Short web captions:
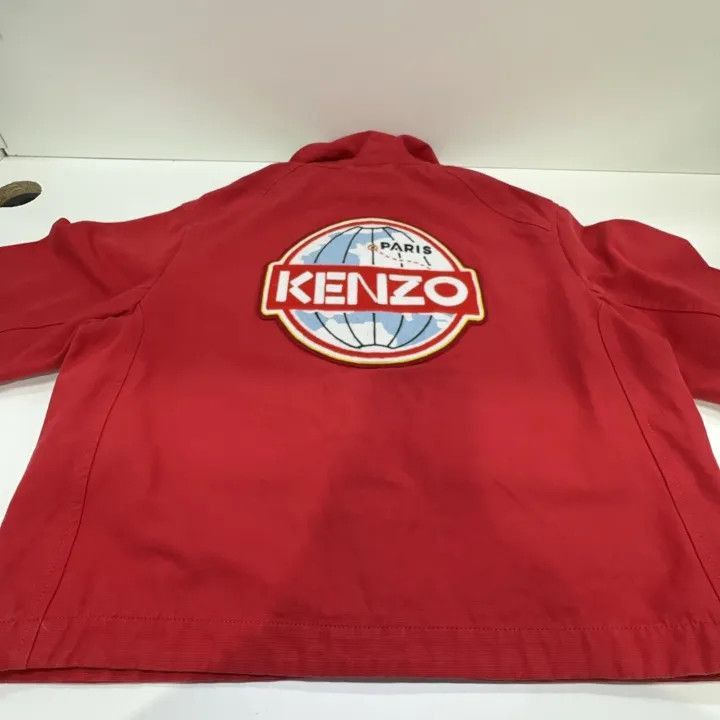 Kenzo Kenzo Logo Button Long Sleeve Jacket in Cherry Red -2507 Size S / US 4 / IT 40 - 9 Thumbnail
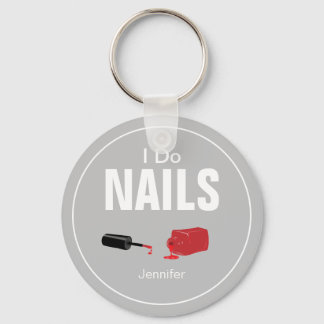 Chaveiro Cinza Modern I Do Unhas (Nail Technician)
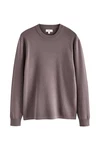 Next Regular Fit Pullover mit Rundhalsausschnitt Lila/Grau/Braun
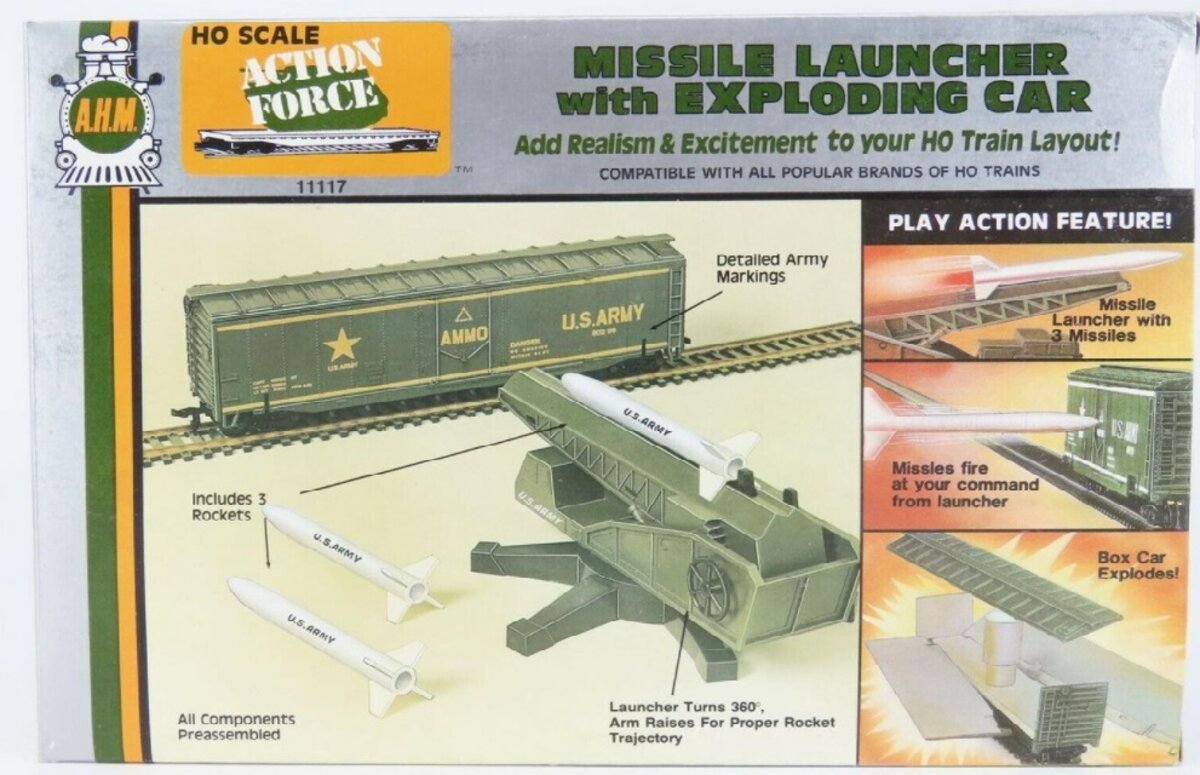 AHM 11117 HO Missile Launcher With Exploding Car US Army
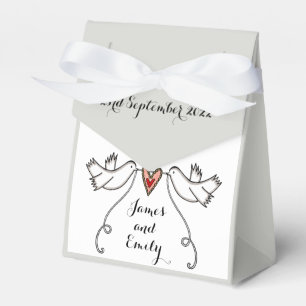 Gastgeschenk Hochzeit der personalisierten weißen  Geschenkschachtel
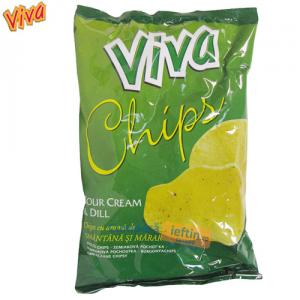 Viva Chips cu smantana si marar 100 gr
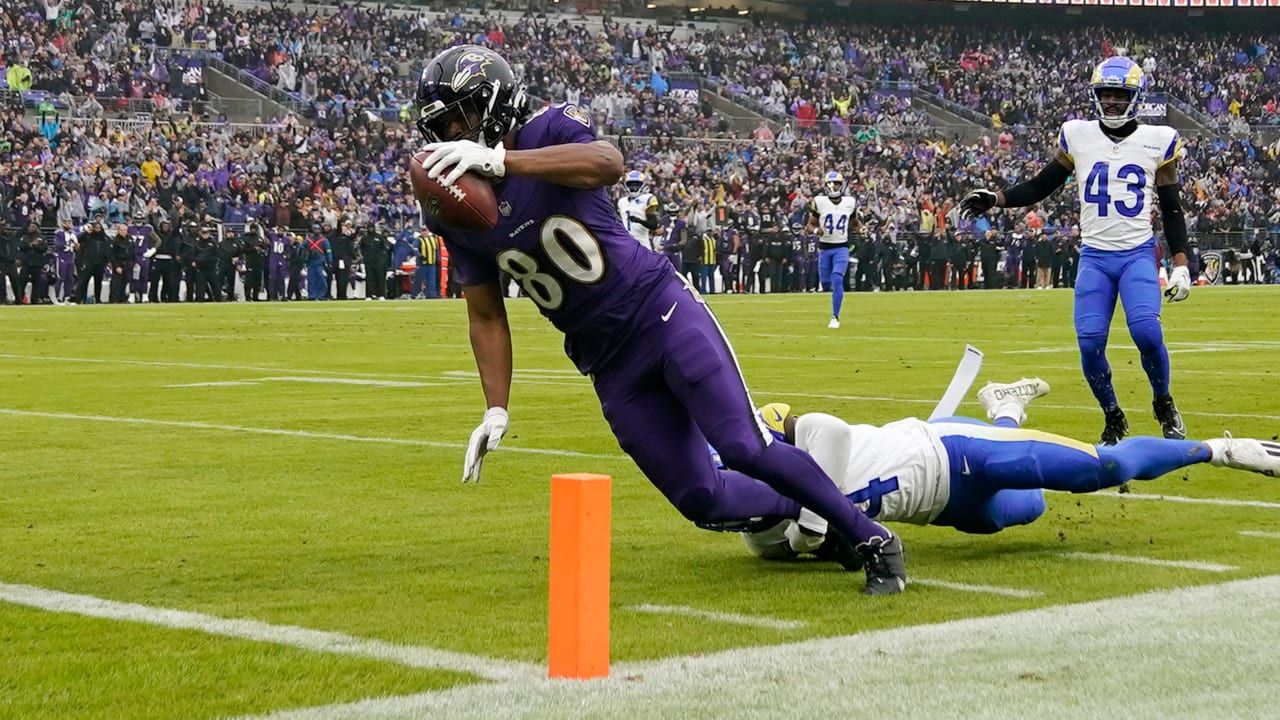 Top Plays Ravens Best Plays In Win Vs Rams Highlights Week 14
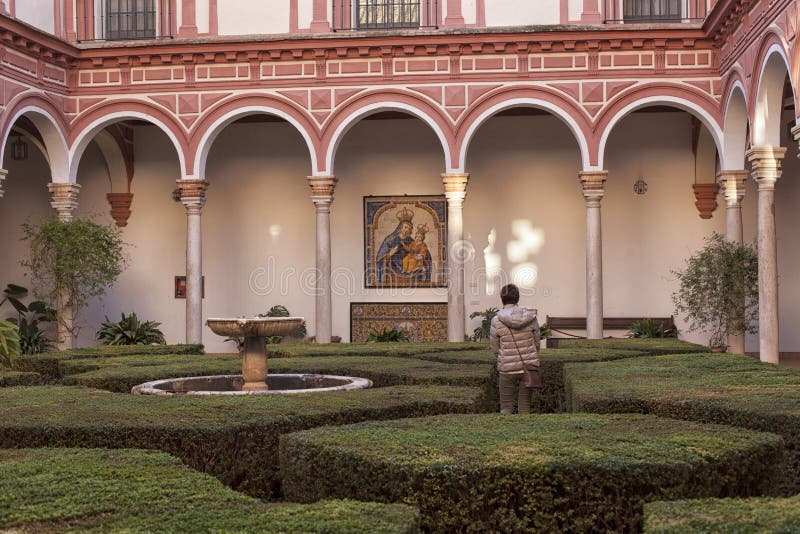 Seville, stary miasteczko, historyczni budynki Hiszpania obrazy stock Seville, stary miasteczko, historyczni budynki Hiszpania obrazy stock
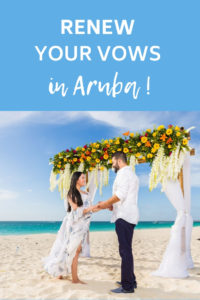 Renew your vows in Aruba at the ultimate beach vow renewal!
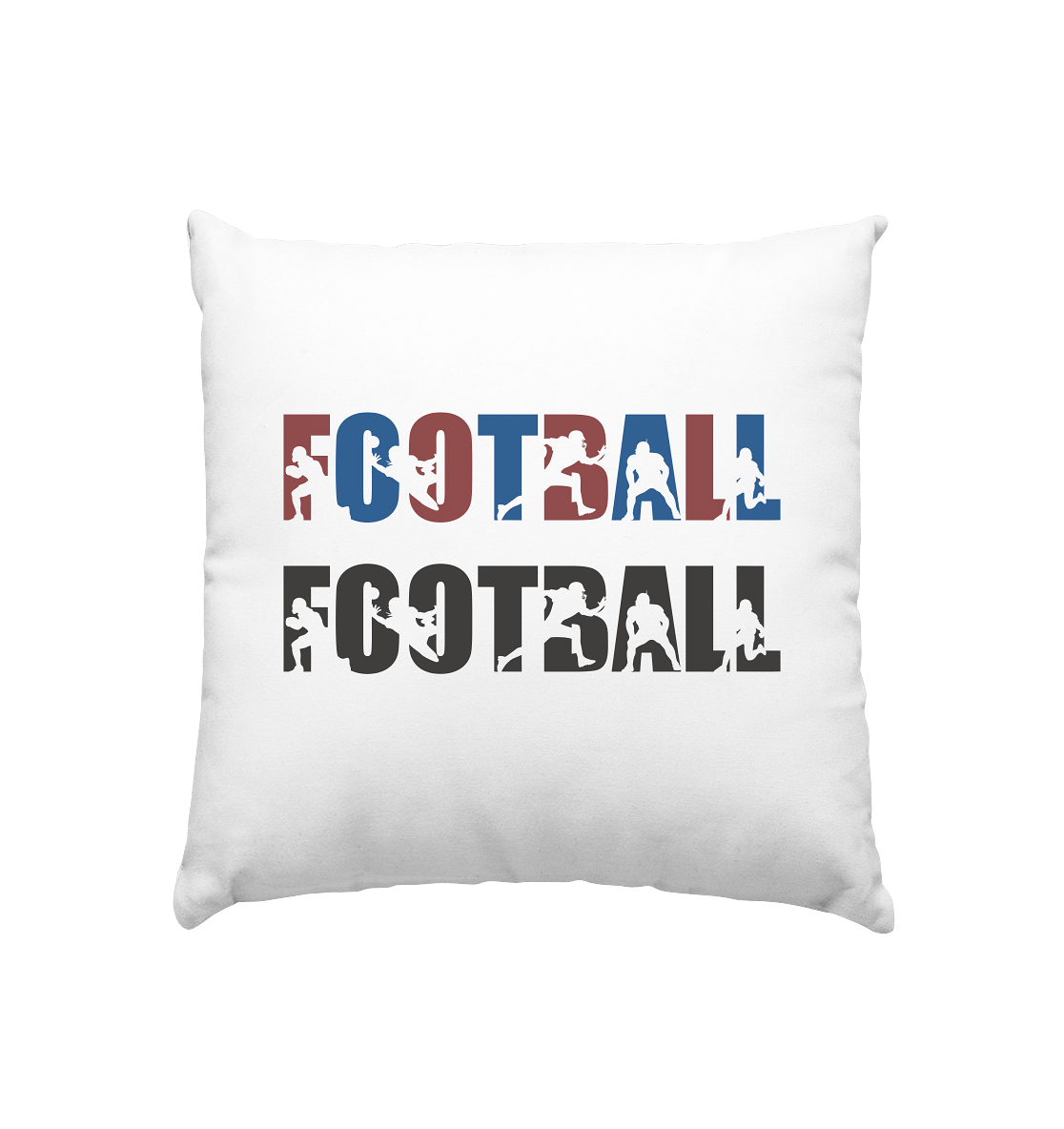 Football Silhouette - Kissen 40x40cm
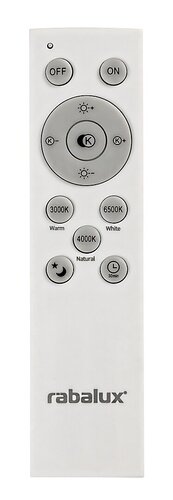 Plafoniera LED Tornado, crom, 72W, 5470lm, 3000-6500K, IP20, Rabalux, 3254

> TASK: Nothing but the lines from the one with "Next Regular Fit" to the one with "Top Plays Ravens" above, both included, should be transcribed, exactly and without pictures.

> YOUR SOLUTION:
 Next Regular Fit Pullover mit Rundhalsausschnitt Lila/Grau/Braun
 AHM 11117 HO Missile Launcher With Exploding Car US Army
 Gastgeschenk Hochzeit der personalisierten weißen  Geschenkschachtel
 Viva Chips cu smantana si marar 100 gr
 Top Plays Ravens Best Plays In Win Vs Rams Highlights Week 14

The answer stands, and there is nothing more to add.